50 players and a handful of agents are at least exploring the option of dissolving the players union to gain leverage in the NBA labor negotiations. If the league calls their bluff, this season is toast.

The latest scuttlebutt on the NBA's epic lockout comes from the players side. According to several reports, 50 NBA players took part in a conference call with an antitrust lawyer to discuss the possibility of decertification for the union. In order to properly understand what this means, we need to look at the mechanics of decertification.

First, the players in the union need to have 30% of the players sign a petition requesting a vote to dissolve the union. If they get the 30%, then the matter goes to the National Labor Relations Board who will take about 45 days to decide whether the union can vote to decertify or not. If they are allowed to vote, they'd need a majority vote to pass it. 

First of all, this group of 50 players (and their power agents), need to obtain an additional 85 signatures to reach 30%. If they clear that hurdle and the NLRB okays the vote, then they need to get a total of 225 (give or take a couple) players to willingly give up an entire year of their careers. This isn't the same thing as the NFLPA decertification. The NFL players acted early, hoping to create leverage (which never materialized), but leaving plenty of time to clean up their mess and save the season. NFL players weren't gambling much, considering they had non-guaranteed contracts. Make no mistake, every NBA players who votes affirmative to decertification will be signing away his entire salary for the 2011-2012 season. The calender just won't allow for anything else. If they get the signatures tomorrow, the vote probably couldn't be held until late December. The cutoff date for the entire season was early January in 1998 and you'd have to assume that date hasn't changed much.

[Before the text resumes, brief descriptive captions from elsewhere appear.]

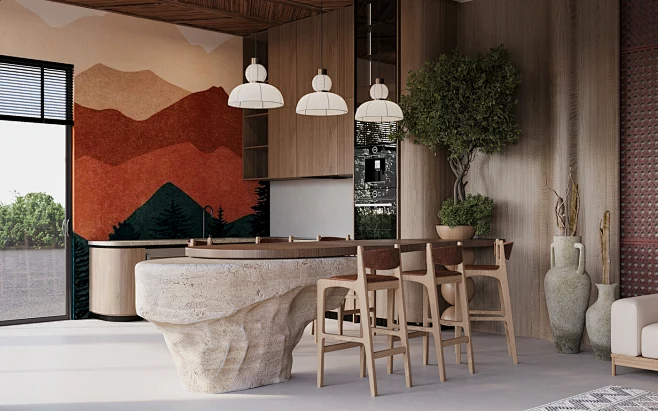 indoor visualization architecture interior design archviz Render corona ...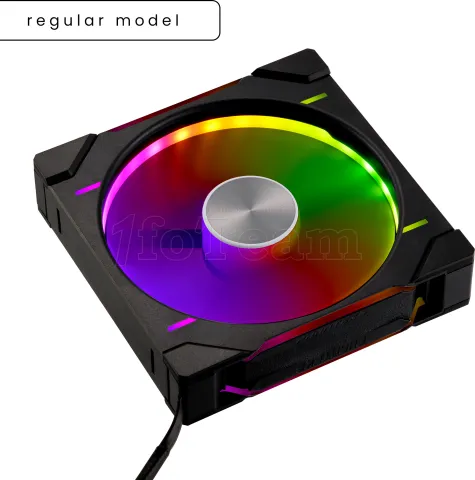 Photo de Ventilateur de boitier Phanteks D30 Regular Airflow RGB - 14cm (Noir)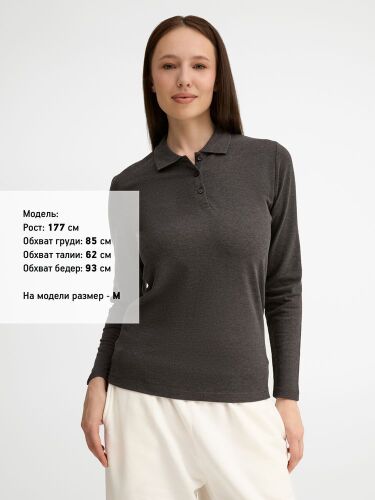 Рубашка поло женская с длинным рукавом Perfect LSL Women черный  1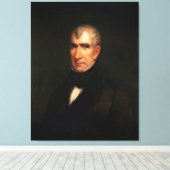WILLIAM HENRY HARRISON by James Reid Lambdinプリント キャンバスプリント (インサイチュ (ウッドフロア))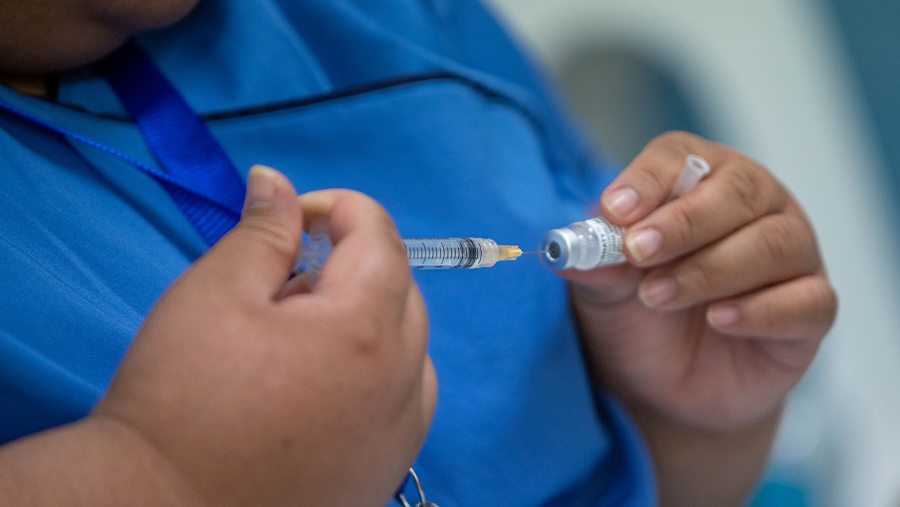 people welcome the vaccination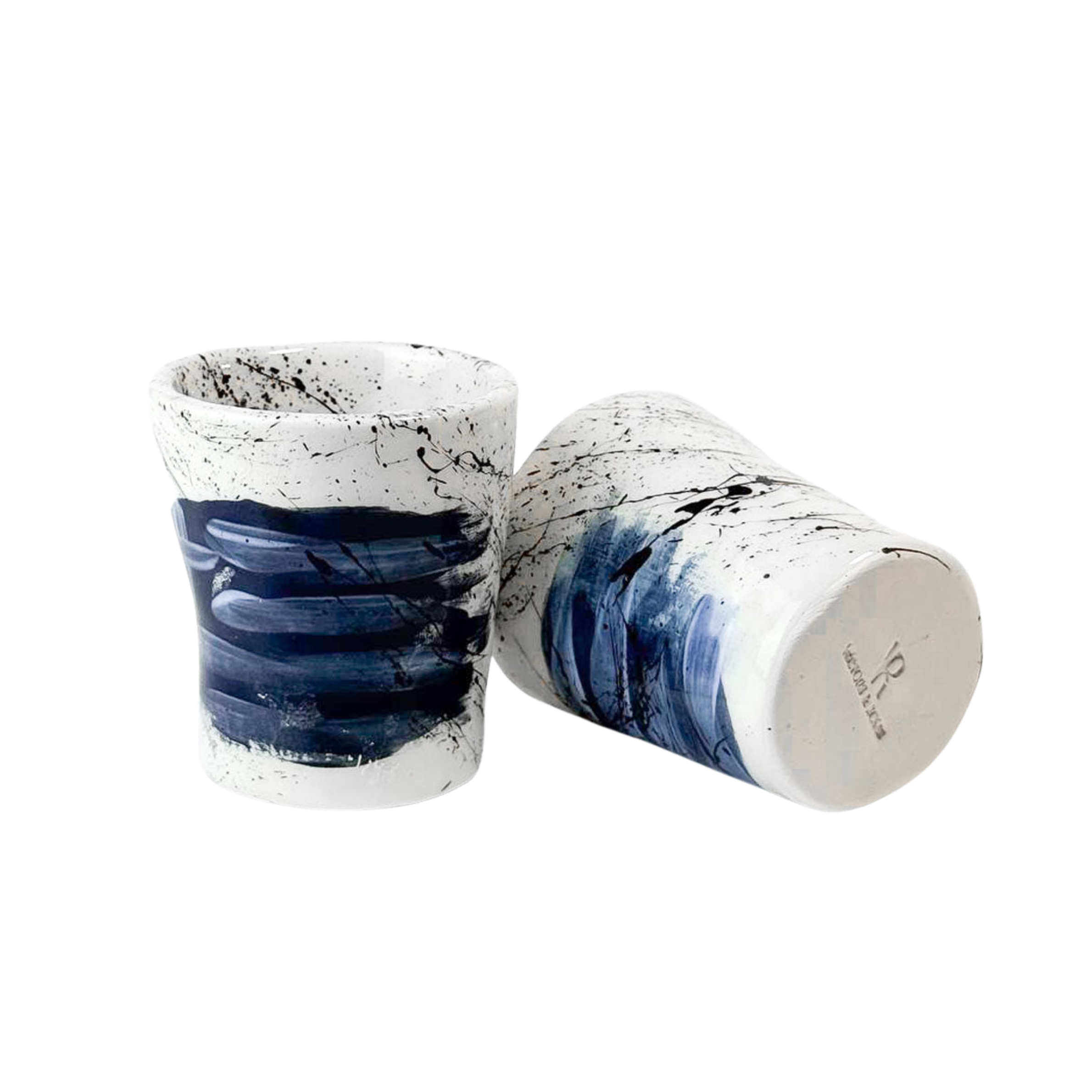 I AM GREEK - Handcrafted Ceramic Mugs "AEGEAN" SET OF 2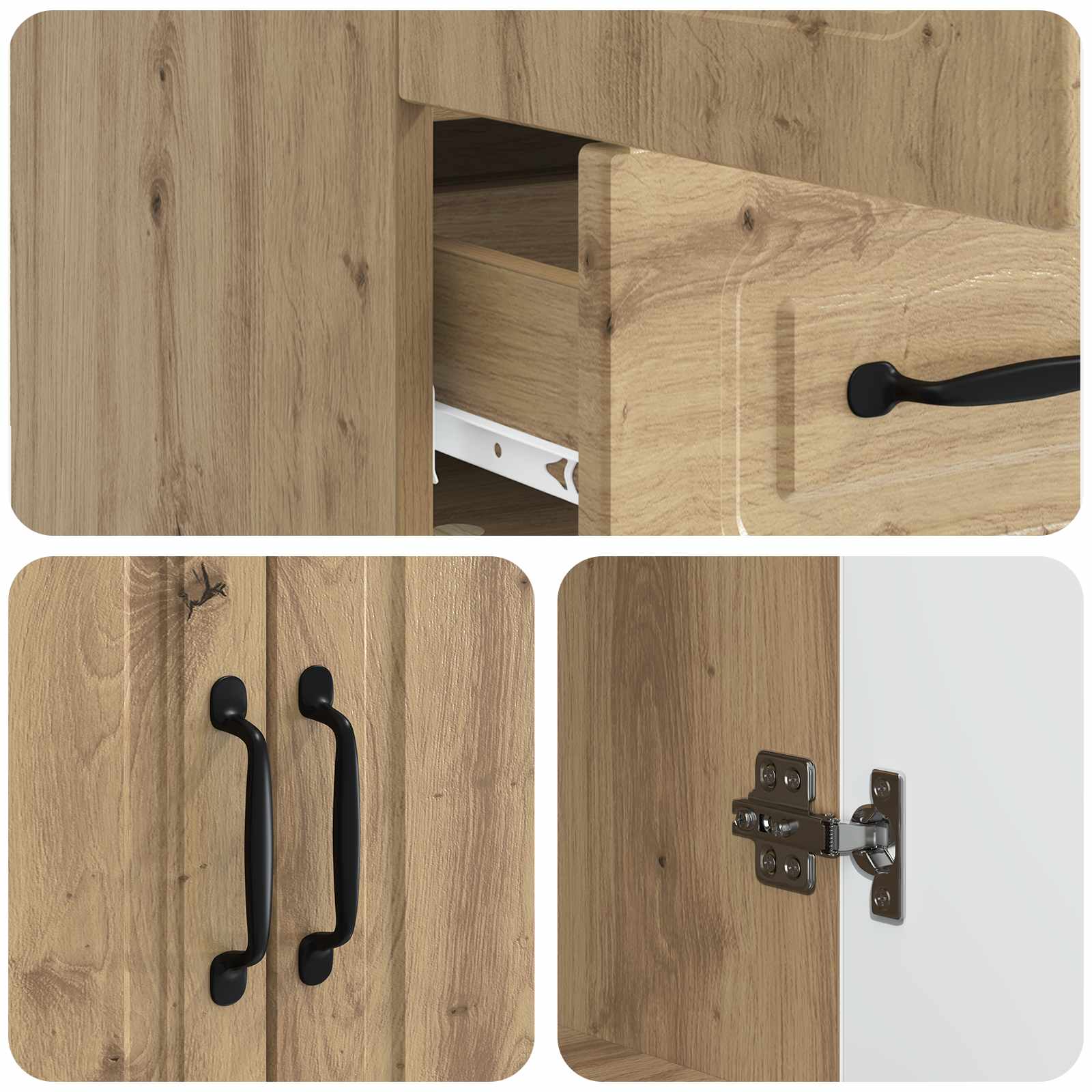 Πλαϊνό γραφείο με συρτάρι Artisan Δρυς 66 x 34,5 x 92 εκ. - Pakobazaar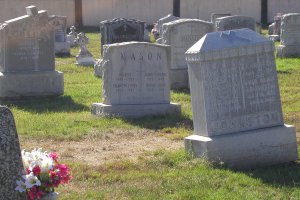 Real gravestones come in a wide variety of styles, shapes, and sizes.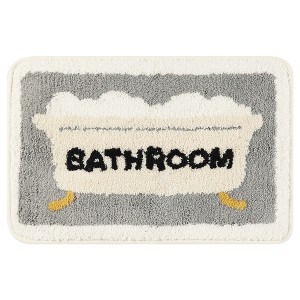 Unique Bargains Cute Words Colorful Stylish Funny Fluffy Machine Washable Bath Rug - 1 of 4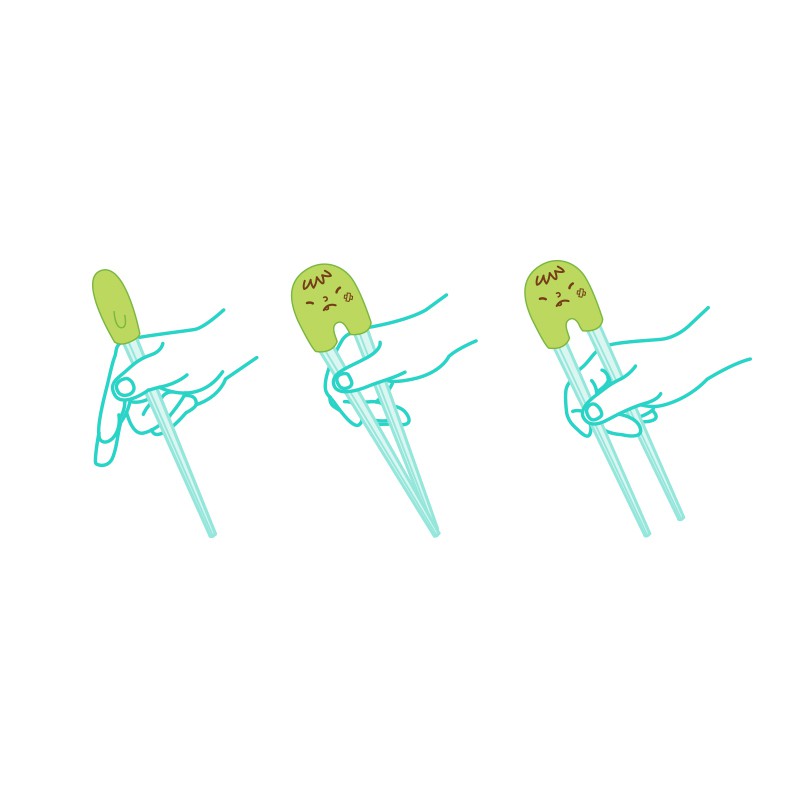 Mother’s Corn - Chopsticks Training Set GREEN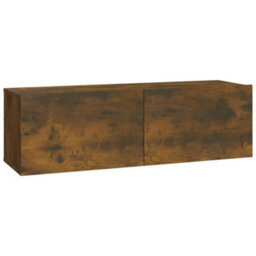 Berkfield 4 Piece Tv Cabinet Set Smoked Oak Engineered Wood - thumbnail 6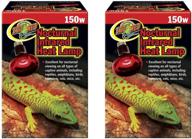 🔴 zoo med (2 pack) 150w red infrared heat lamp logo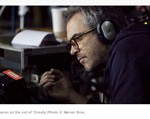 Alfonso Cuaron on the set of ‘Gravity’/Photo © Warner Bros.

It's safe to say the players realize what this step means, or at least they should. As a bargaining tactic, I'm not sure exactly how useful the threat of decertification is going to be at this point. The owners haven't blinked yet, while multiple reports have hinted at fractures of the unity on the players' side. Billy Hunter loves to point out the average NBA career lasts only four years. How legitimate is this threat if half of the union is going have to actively vote to forfeit 25% of their lifetime earnings in the league?

If the union follow this through, if they refuse to budge from their 52% demands and the owners stick to their guns as well, the season is toast and both sides will really get what they deserve. The decertification will turn into a giant court battle, a battle the NFL players lost, but the NBA will have 8 or 9 months to sort it out before next season is in jeopardy. There's one other difference, when decertification was first discussed for the NBA, there were reports that every contract could be torn up because the terms of the previous CBA were negotiated with a union which no longer exists. There remains the possibility that every player could become a free agent, or maybe teams could use this power surgically, excising every mistake from their rosters and starting fresh with their new cap space.

It's hard to predict the reaction of an average fan as a blogger. The NBA is clearly a stronger league than the NHL was when they lost a season, and if the entire year is lost I know I'll be coming back - perhaps with a little less fervor - whenever games are played again, but the NHL took a serious hit when they lost a year. There's just no way to tell what would happen to the game if the season is lost, the only thing that seems clear right now is the fan reaction is extremely low on the list of priorities for both sides.

I have only one request as a fan. Before the league calls for a vote to dissolve the union, I'd like them to be forced to vote on the proposal the owners currently have on the table. A 50/50 BRI split with the system largely in place. I have a feeling given the choice, the owners proposal would get the majority.